* _Assigned task_:
Pictures in the records below are skipped; the rest is copied exactly.

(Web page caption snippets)
★ ★ ★ ★ ★
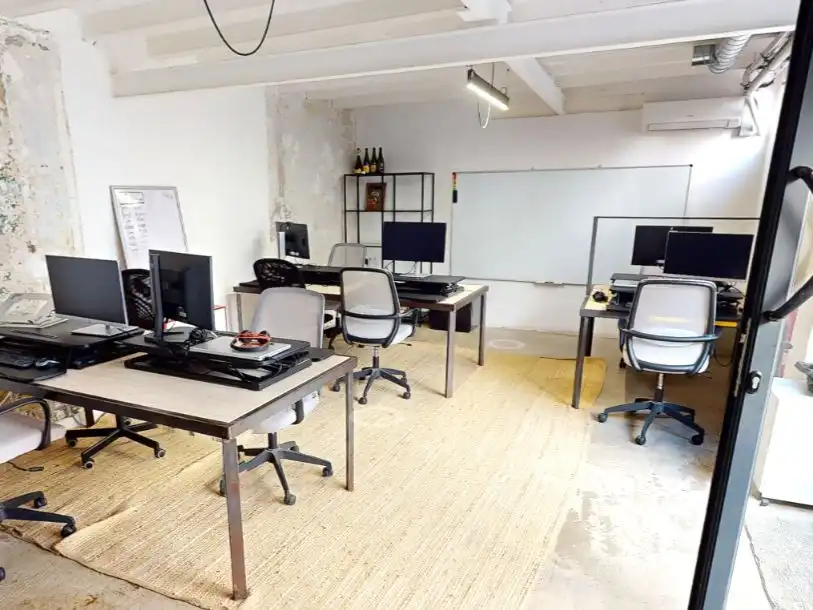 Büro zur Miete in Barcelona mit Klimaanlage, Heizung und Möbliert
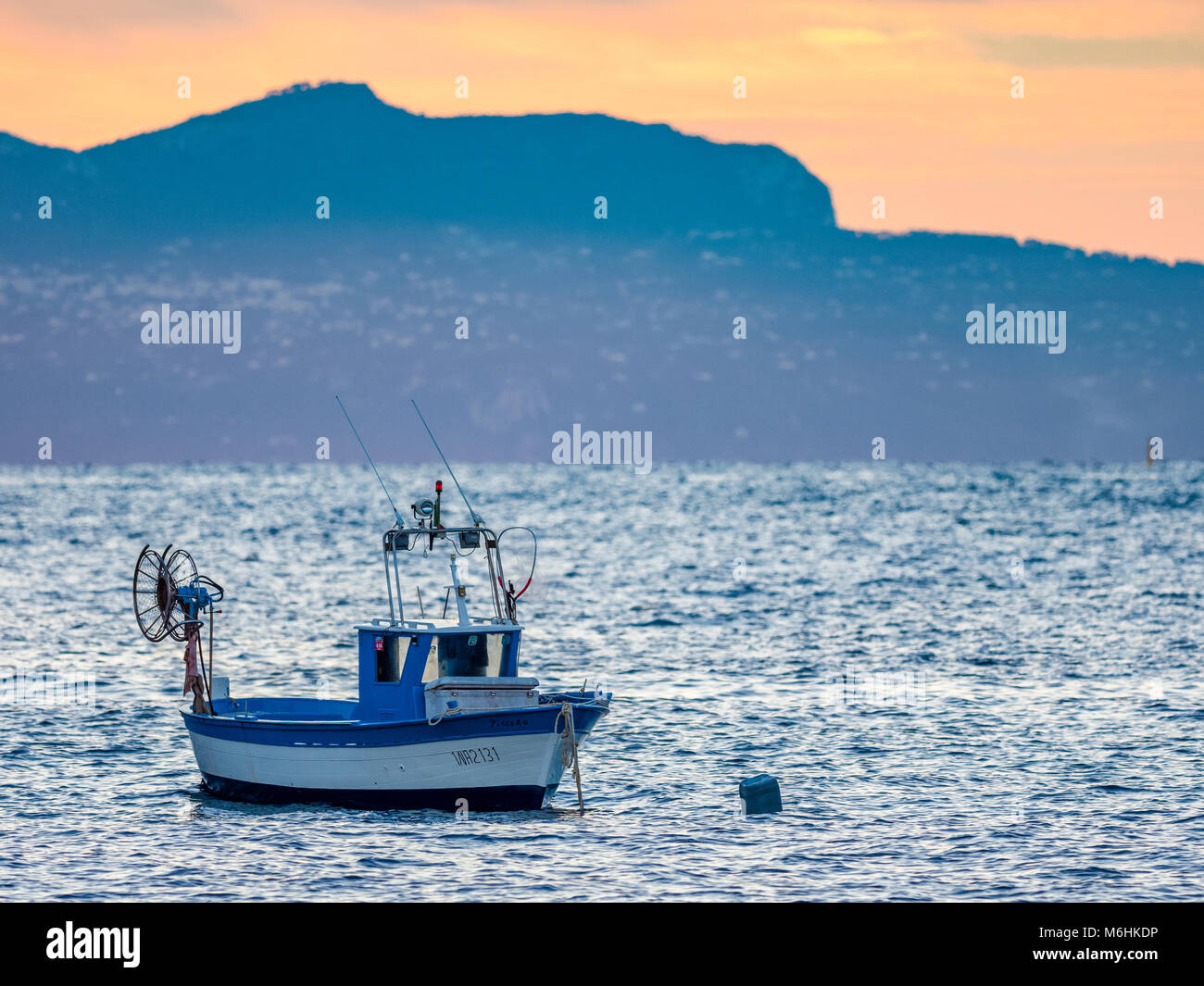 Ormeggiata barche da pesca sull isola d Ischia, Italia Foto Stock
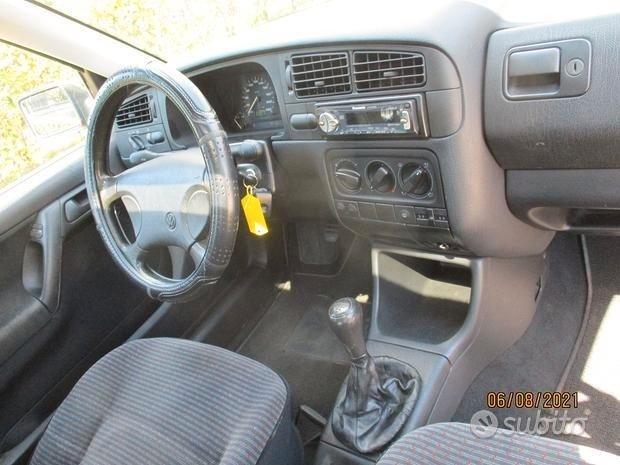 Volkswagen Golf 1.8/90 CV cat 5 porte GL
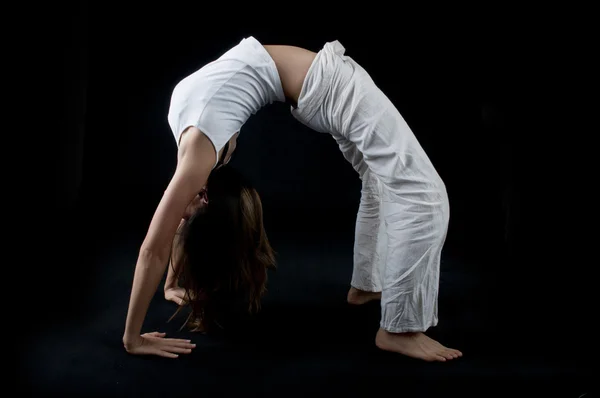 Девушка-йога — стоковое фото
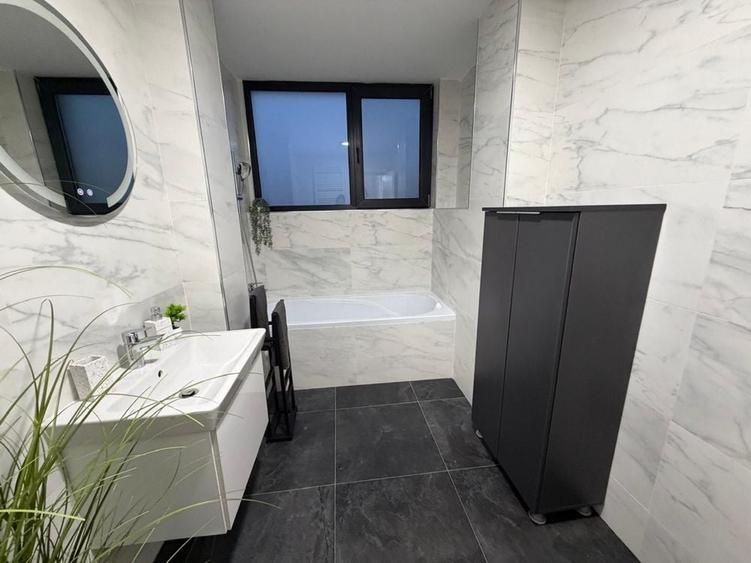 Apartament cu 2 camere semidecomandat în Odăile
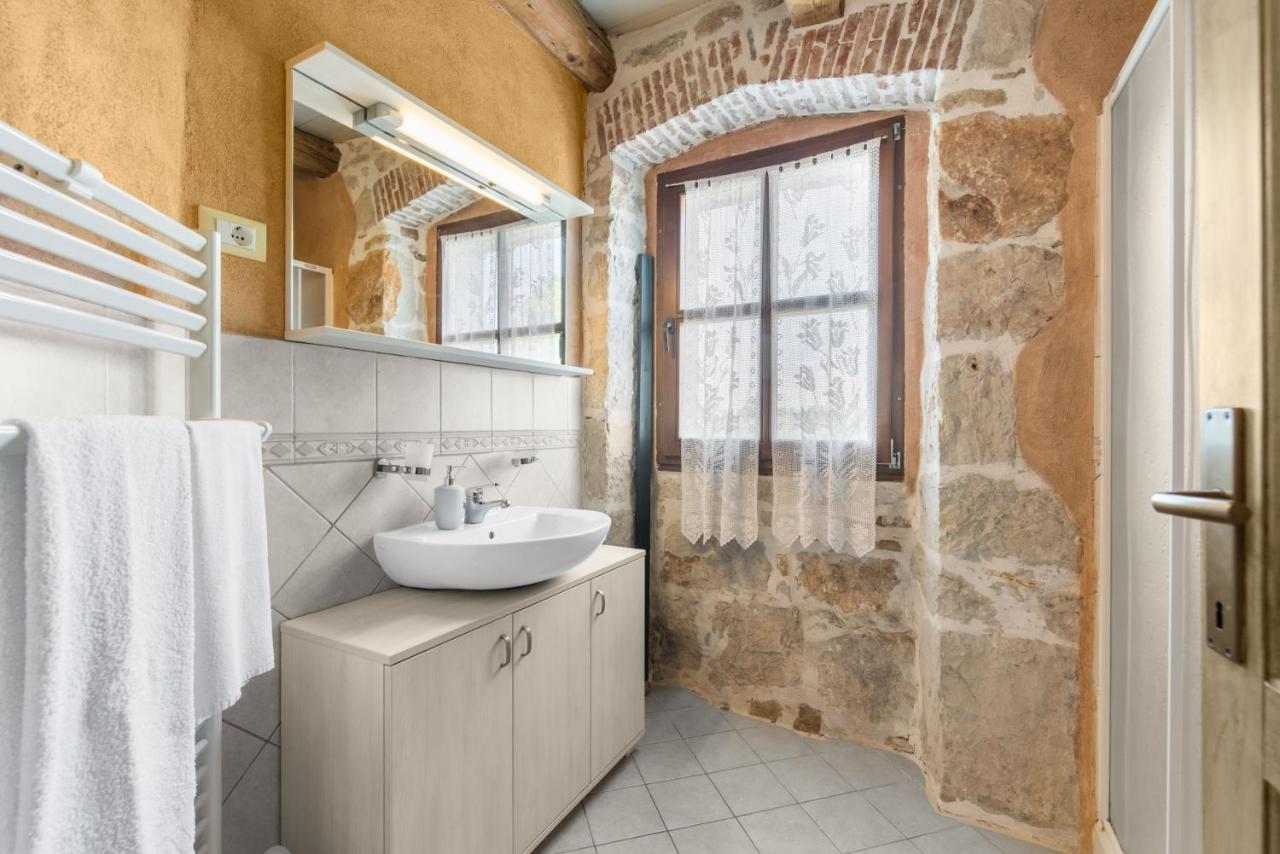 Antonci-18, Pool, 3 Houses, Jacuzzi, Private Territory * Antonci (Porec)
★ ★ ★ ★ ★
* _Answer to this exercise_:
 Büro zur Miete in Barcelona mit Klimaanlage, Heizung und Möbliert
 Ormeggiata barche da pesca sull isola d Ischia, Italia Foto Stock
 Volkswagen Golf 1.8/90 CV cat 5 porte GL
 Девушка-йога — стоковое фото
 Apartament cu 2 camere semidecomandat în Odăile
 Antonci-18, Pool, 3 Houses, Jacuzzi, Private Territory * Antonci (Porec)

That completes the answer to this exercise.